ストレスで肩こりが起こる理由|やりすぎを減らし、足りない動きを取り戻す
肩こりが強くなる背景には、首肩の局所的な負担だけでなく、脳の警戒反応があります。
ストレスが続くと、中枢神経は身体を警戒状態にします。
その影響は交感神経活動、HPA軸、炎症調節、睡眠、食事、活動量にまで及び、首肩や上肢が休めない状態をつくります。
脳が警戒すると、首肩はこわばり、頭痛まで広がる
交感神経活動が高まることで、血流、呼吸、発汗の反応も変化します。
首と肩は、頭の重さを支え、視線を安定させ、腕の位置を保つ役割を担っています。
そのため、全身が警戒状態に入ると、首こり、肩の張り、重だるさとして表れます。
首こりが強くなると、後頭部や側頭部にかけての頭痛を伴うこともあります。
首肩の不快感は、局所のこりだけで終わらず、頭部症状まで広がります。
画面の見すぎとディスプレイ位置は首肩と上肢を固定する
肩こりでは、長時間同じ姿勢で画面を見続けることが問題になります。
パソコンのディスプレイの位置が合っていないと、視線は固定され、首は前に出やすくなります。

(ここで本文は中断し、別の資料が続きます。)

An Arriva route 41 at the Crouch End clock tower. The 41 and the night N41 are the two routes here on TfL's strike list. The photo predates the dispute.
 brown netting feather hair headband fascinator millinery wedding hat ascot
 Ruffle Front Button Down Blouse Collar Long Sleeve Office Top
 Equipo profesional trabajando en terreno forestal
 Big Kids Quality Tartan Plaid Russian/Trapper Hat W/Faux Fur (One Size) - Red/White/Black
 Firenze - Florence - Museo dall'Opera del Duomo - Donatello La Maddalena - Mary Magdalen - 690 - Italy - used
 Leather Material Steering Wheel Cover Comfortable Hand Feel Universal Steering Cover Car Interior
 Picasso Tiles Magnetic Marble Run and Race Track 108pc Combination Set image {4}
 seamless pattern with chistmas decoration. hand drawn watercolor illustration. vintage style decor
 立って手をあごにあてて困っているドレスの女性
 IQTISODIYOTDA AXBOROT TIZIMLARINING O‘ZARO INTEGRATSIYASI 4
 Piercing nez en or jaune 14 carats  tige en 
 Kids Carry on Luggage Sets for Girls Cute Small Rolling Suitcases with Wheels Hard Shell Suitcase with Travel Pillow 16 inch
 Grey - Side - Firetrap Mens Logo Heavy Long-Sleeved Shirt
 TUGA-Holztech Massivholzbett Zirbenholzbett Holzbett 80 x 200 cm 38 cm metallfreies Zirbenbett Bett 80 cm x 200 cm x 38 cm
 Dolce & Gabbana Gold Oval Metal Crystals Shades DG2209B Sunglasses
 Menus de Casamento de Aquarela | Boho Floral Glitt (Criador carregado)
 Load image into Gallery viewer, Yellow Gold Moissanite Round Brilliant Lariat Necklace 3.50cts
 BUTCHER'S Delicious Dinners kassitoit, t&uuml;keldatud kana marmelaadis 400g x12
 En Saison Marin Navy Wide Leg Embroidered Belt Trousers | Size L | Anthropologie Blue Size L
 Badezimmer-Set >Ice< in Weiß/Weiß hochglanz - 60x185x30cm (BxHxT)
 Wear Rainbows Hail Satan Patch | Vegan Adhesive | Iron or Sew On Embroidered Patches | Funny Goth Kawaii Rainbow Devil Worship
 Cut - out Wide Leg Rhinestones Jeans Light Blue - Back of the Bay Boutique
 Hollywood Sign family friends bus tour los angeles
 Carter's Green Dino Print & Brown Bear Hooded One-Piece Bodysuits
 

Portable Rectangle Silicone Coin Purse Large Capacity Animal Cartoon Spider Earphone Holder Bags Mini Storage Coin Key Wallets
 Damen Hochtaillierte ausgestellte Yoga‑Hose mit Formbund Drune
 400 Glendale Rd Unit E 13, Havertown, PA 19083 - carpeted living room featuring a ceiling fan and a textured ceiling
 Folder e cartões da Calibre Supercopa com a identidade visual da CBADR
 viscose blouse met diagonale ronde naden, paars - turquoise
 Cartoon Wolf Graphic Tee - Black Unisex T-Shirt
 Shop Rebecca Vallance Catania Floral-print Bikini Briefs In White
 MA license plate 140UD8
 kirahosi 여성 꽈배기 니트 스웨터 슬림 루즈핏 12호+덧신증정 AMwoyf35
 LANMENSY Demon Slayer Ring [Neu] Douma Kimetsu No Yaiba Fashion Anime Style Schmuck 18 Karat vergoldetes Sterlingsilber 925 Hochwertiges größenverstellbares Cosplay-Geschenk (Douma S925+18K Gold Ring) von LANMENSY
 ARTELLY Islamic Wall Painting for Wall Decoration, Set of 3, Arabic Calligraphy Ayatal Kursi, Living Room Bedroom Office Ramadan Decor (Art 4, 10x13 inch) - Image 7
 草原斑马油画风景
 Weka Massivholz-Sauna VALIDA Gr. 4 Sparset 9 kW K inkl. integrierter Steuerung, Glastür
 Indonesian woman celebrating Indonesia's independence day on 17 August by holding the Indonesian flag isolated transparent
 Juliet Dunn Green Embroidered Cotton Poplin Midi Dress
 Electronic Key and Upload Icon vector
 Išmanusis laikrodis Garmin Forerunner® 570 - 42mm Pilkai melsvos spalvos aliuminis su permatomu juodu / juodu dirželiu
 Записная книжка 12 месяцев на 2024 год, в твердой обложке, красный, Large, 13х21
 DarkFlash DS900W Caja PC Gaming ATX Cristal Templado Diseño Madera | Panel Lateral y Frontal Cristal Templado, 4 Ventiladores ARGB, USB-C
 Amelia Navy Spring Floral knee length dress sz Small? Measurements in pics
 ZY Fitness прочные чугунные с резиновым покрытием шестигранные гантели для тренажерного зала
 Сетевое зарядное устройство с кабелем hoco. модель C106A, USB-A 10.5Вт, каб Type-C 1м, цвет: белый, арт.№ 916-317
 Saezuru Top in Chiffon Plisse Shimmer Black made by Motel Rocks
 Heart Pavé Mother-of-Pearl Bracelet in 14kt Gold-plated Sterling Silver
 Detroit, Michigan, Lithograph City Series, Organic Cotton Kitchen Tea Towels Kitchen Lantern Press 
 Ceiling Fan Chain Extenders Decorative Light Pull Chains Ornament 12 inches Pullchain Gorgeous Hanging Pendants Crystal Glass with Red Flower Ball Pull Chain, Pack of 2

さらに、手を前に出したままキーボードやマウスを使い続けると、肩甲帯と上肢は休めません。
スマートフォン操作でも同じことが起こり、首を前に倒し、腕と手を前方で保持する状態が続きます。
この使い方が続くと、首肩の筋だけでなく、腕や手へ向かう末梢神経にも持続的なストレスが加わります。
その結果、肩こりだけでなく、腕のだるさ、手のしびれ、指先の痛みとして現れることがあります。
HPA軸の変化は炎症調節を崩し、過敏さを残す
ストレス反応では、交感神経系だけでなくHPA軸も働きます。
この過程ではコルチゾール分泌が関わり、代謝、免疫、炎症調節に影響します。
短期的なストレス反応は適応反応ですが、長引くと炎症を抑える働きは崩れ、痛みやこわばりを鎮めにくい状態が続きます。
末梢神経が過敏になると、肩こりはしびれや痛みに変わる
ストレスや炎症反応が続くと、首肩から腕や手へ向かう末梢神経はさらに過敏になります。
肩こりを筋肉の問題だけで捉えると、この変化を見落とします。
末梢神経が過敏になると、通常なら問題にならない刺激でも不快感や侵害受容信号は増えます。
服の圧迫、肘の曲げ伸ばし、キーボード操作、スマートフォン保持のような日常動作でも、首肩から手にかけてのしびれや痛みが目立つことがあります。
睡眠不足、糖質過剰、運動不足は首肩の回復を妨げる
ストレスが続くと、睡眠の質と量は落ちます。
睡眠不足は疲労感を増やすだけでなく、炎症調節や感覚や鎮痛処理にも影響します。
食事内容も乱れます。糖質に偏った食事や加工食品の増加は、代謝と炎症の面からみても無視できません。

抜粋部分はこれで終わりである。